§ PROVIDED DATA
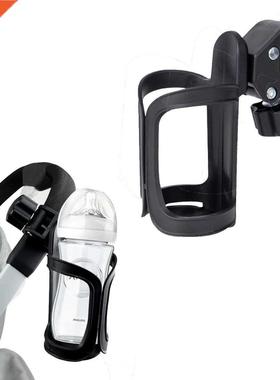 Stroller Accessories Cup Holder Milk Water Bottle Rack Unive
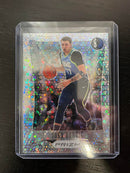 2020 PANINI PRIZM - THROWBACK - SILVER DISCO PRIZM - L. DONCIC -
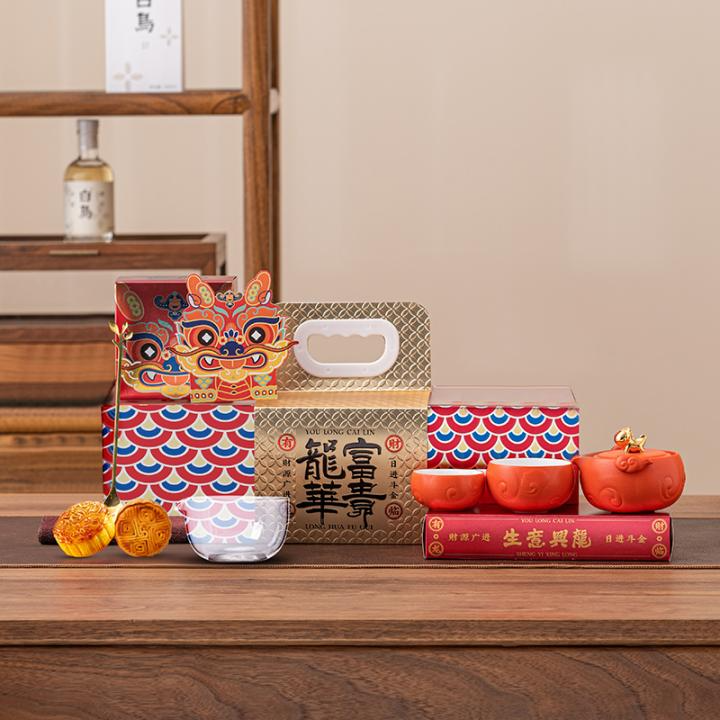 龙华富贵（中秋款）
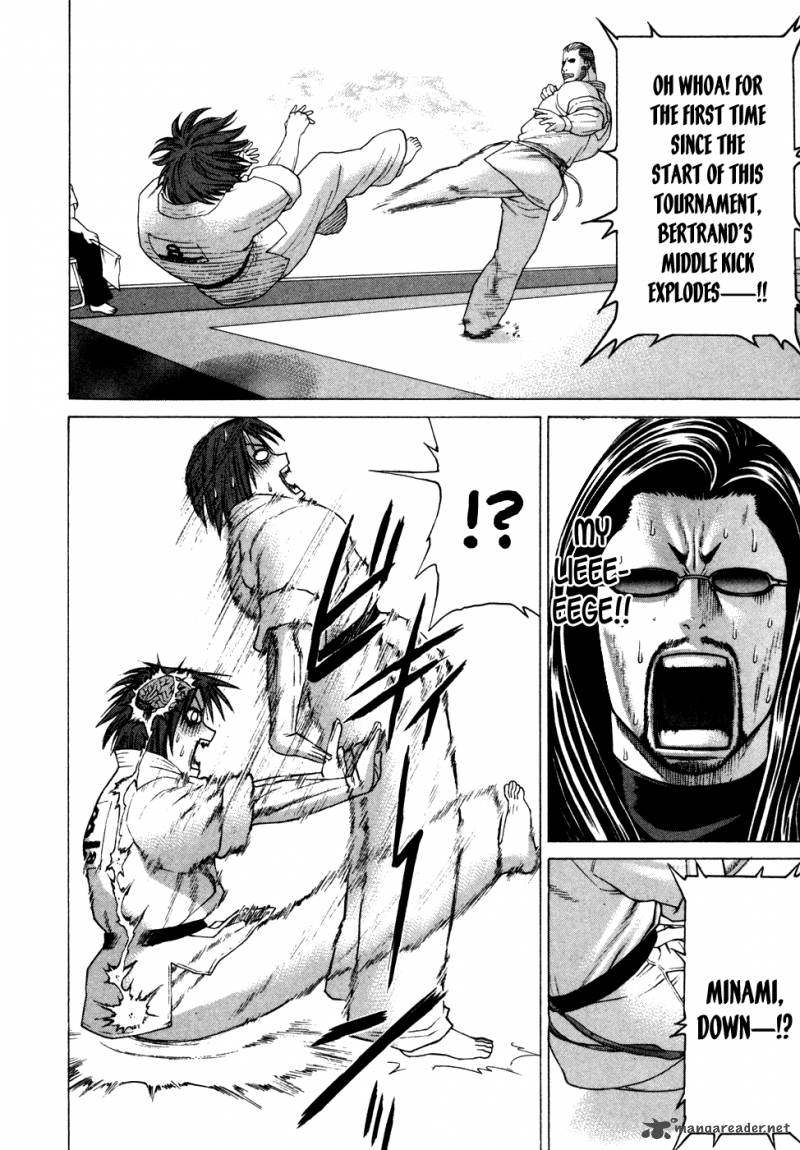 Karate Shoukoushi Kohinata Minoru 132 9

§ PROBLEM REQUIREMENTS
Write the listing above out again exactly, dropping each image.

§ TASK ANSWER
 Stroller Accessories Cup Holder Milk Water Bottle Rack Unive
 2020 PANINI PRIZM - THROWBACK - SILVER DISCO PRIZM - L. DONCIC -
 龙华富贵（中秋款）
 Karate Shoukoushi Kohinata Minoru 132 9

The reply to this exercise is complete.